An additional question pertains to the best way to characterize the ability to resist an immediate reward in favor of larger, delayed reward. This study was framed in terms of reason triumphing over desire. However, it can be argued that sometimes the most rational action is to interrupt a long-term goal and consume an immediately available reward, e.g., when individuals take a break from work (which ultimately brings about a future goal—a pay check) to have lunch (an immediate reward). Discerning what is rational or reasonable behavior is very context dependent and therefore has little intrinsic meaning. Therefore, it may be useful to discard terms such as reason and passion in favor of more explicit and informative terms. With respect to the present study, it could be characterized in terms of a competition between motivational information represented at different levels of abstraction. Whereas immediate rewards can be considered concrete (they are physically present and elicit strong physiological changes in the body), delayed rewards can be considered abstract (they are not physically present and may be less likely to promote immediate physiological changes). This characterization fits well with the finding from this study that RLPFC may promote the acquisition of delayed rewards and recent data showing that the RLPFC supports highly abstract representations (Christoff et al., 2009; Badre and D'Esposito, 2009). This characterization also leads naturally to the following question: when individuals are not instructed to pursue a long-term goal, but rather, are left to make their own decisions, how do genes, learning history, and present context contribute to individual differences in choices for concrete versus abstract rewards?

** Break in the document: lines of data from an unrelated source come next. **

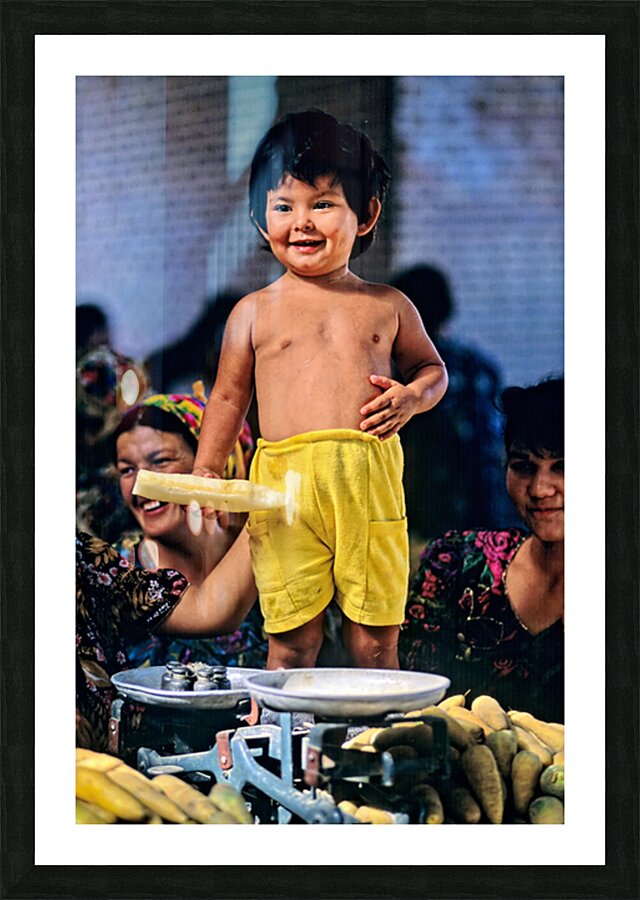 Kid stands at vegetable market in Samarkand Uzbekistan Picture Frame print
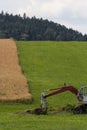 Digger with hut and earth on a corn field rural landscape Royalty Free Stock Photo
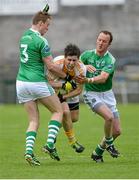 1 June 2014; Kevin O'Boyle, Antrim, in action against Che Cullen, left, and Paul Ward, Fermanagh. Ulster GAA Football Senior Championship, Quarter-Final, Fermanagh v Antrim, Brewster Park, Enniskillen, Co. Fermanagh. Picture credit: Oliver McVeigh / SPORTSFILE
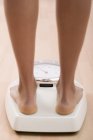 Обрезанный вид женских ног, стоящих на весах в ванной — стоковое фото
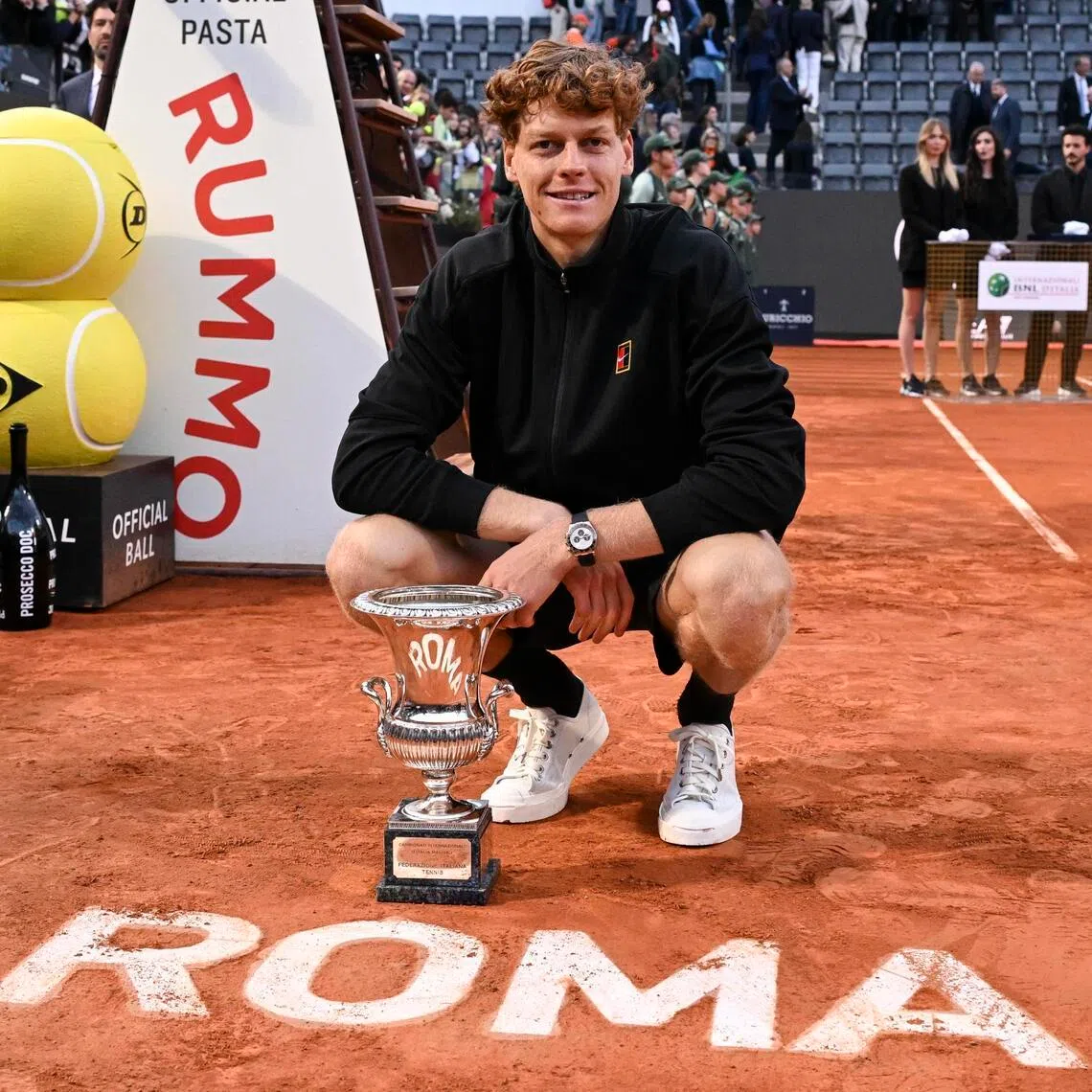 Jannik Sinner poses with the trophy after winning the Italian Open.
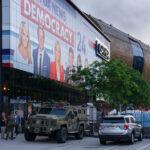 Security fencing and vehicles at an entrance to the hard security zone at Fiserv Forum during the 2024 Republican National Convention.
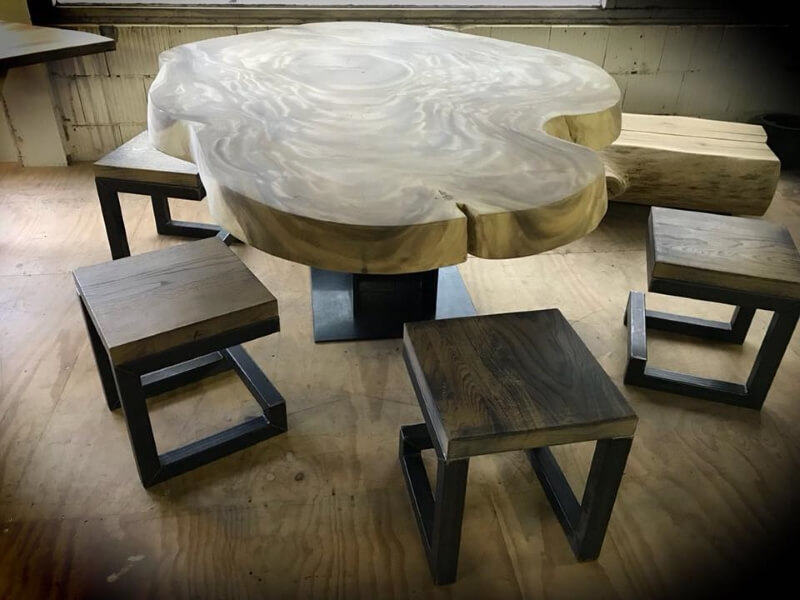 Houten boomstamblad tafel met een stalen onderstel en houten stoelen met stalen onderstellen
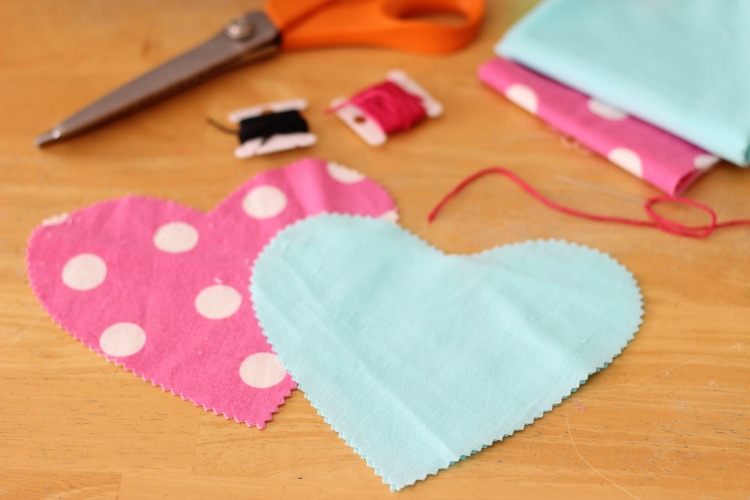 These DIY heart plushies come together quickly, and are a great beginning sewing project for kids! Fill with stuffing, dried lavender or beans!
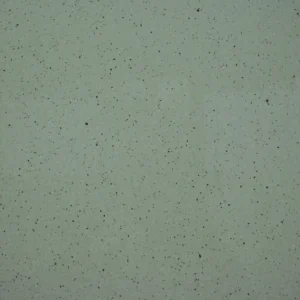 Stella Crema Tile featuring a light cream surface with fine black speckles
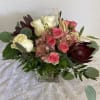 A soft more muted Autumn arrangement with a hint of blush tones.
Including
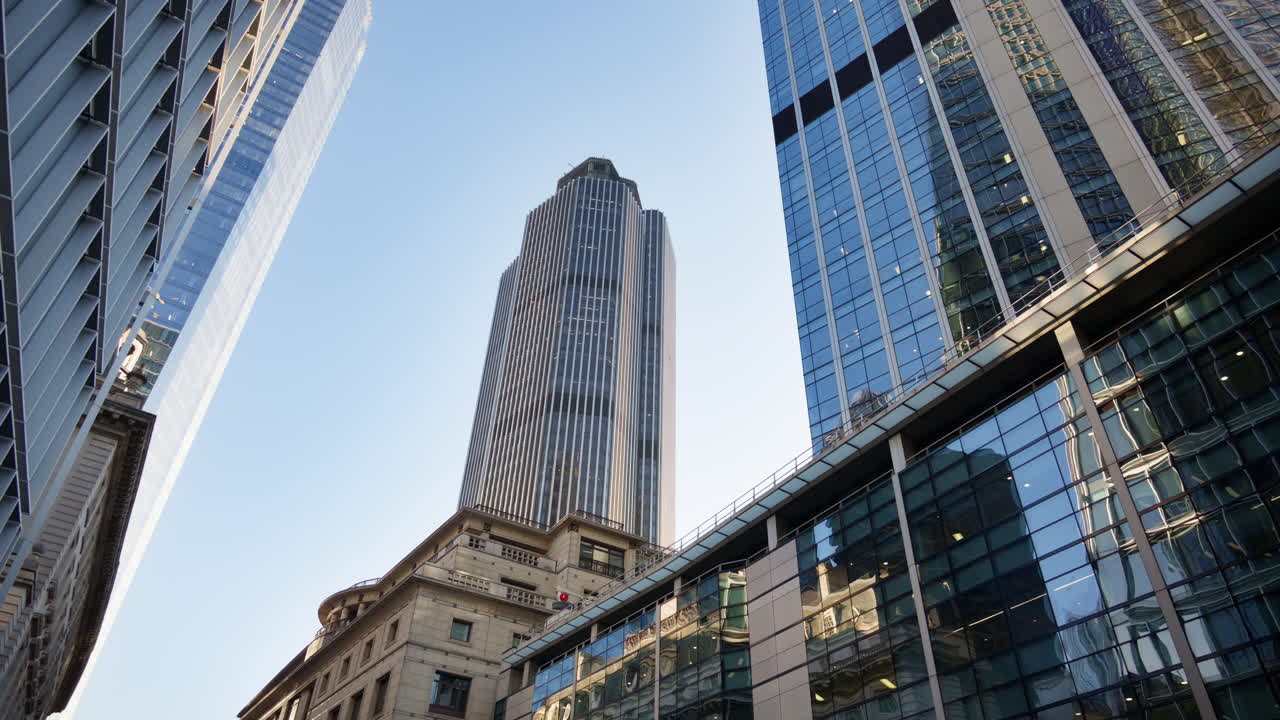 Low angle view of modern glass skyscrapers in the heart of London's financial district
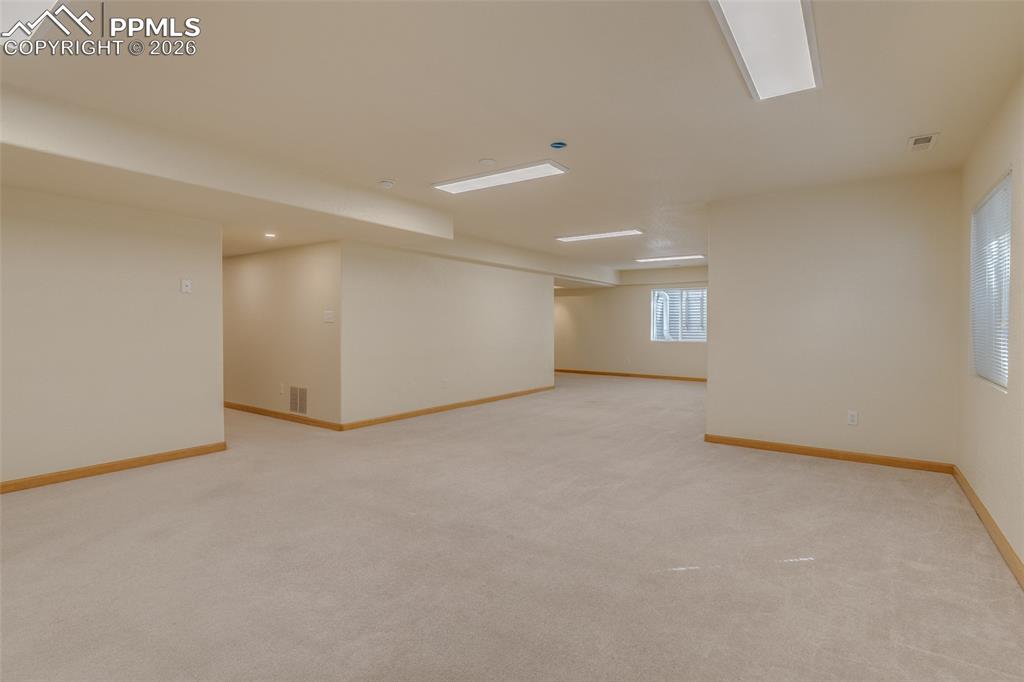 Basement with light colored carpet and baseboards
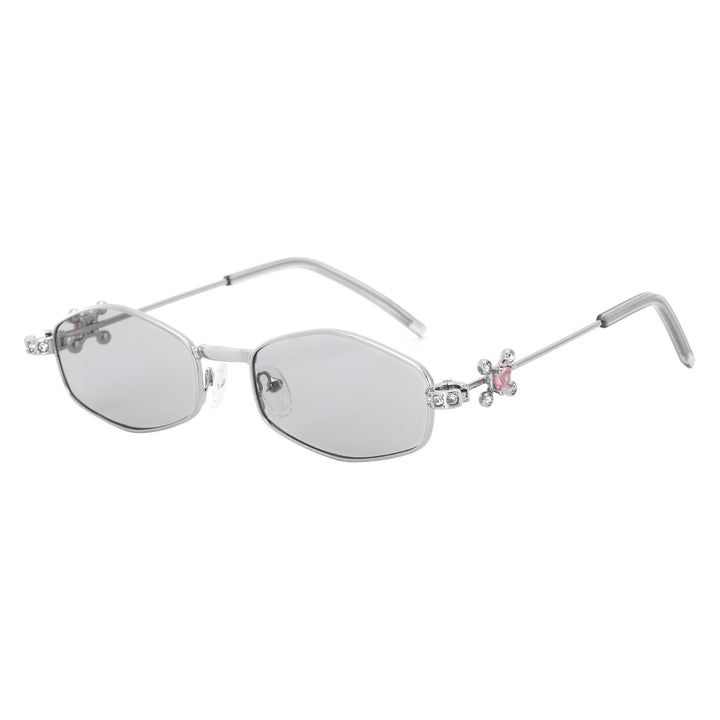 Dame Designer-solbrille med elegant smykkeinnramming Skanto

In summary, the findings of Diekhof and Gruber (2010) make an important step toward characterizing the neurobiological basis of a remarkable capacity—the ability to resist immediately available rewards in favor of obtaining a larger reward in the future. The data highlight anterior PFC–NAcc interactions as a key neural substrate. The next step will be to elucidate the precise cognitive mechanism supported by the anterior PFC that allows long-term goals to prevail over immediate rewards.